All lines from the one containing "Single white hibiscus" through the last line of the listing below are to be copied exactly. Exclude the pictures.

Start of GIVEN DATA

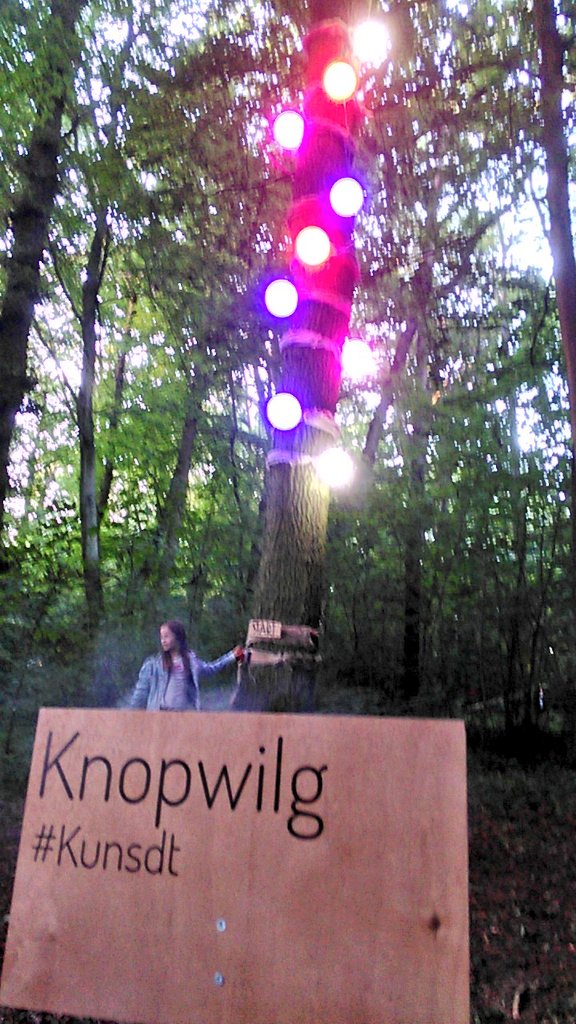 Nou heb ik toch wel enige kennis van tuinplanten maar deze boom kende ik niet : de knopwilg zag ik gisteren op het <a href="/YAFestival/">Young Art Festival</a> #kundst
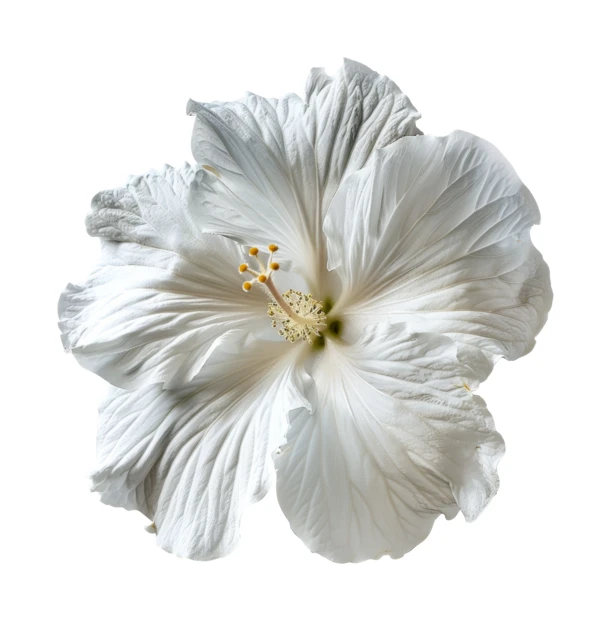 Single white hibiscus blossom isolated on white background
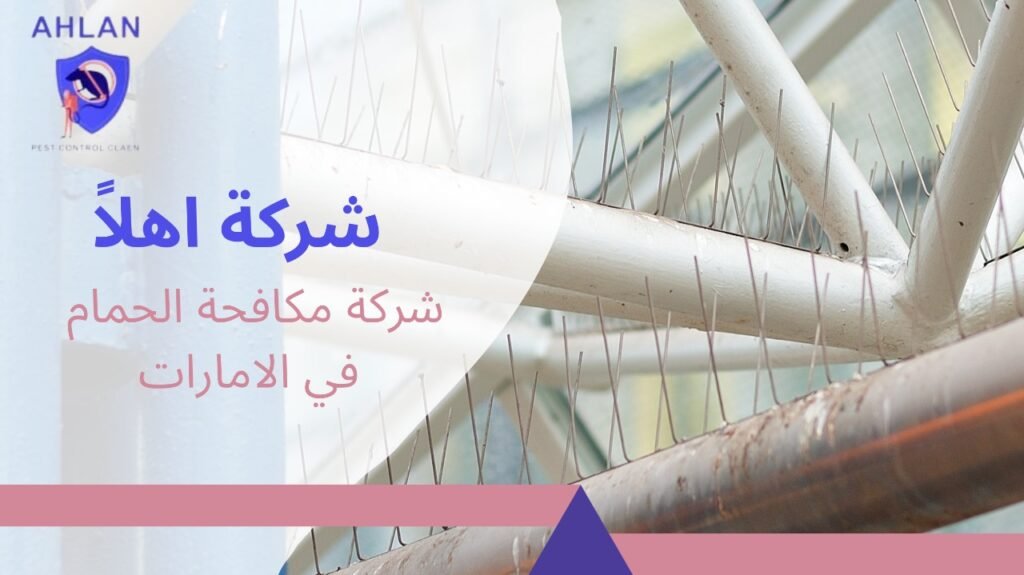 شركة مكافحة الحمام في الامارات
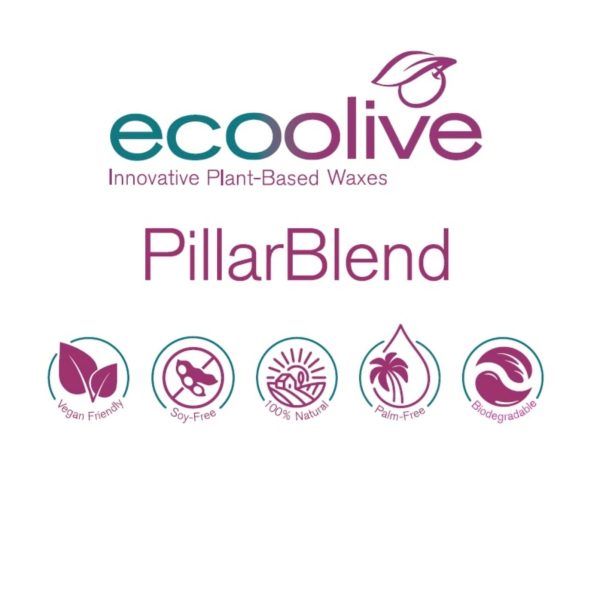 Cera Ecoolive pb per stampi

End of GIVEN DATA

▶ COMPLETED EXERCISE
 Single white hibiscus blossom isolated on white background
 شركة مكافحة الحمام في الامارات
 Cera Ecoolive pb per stampi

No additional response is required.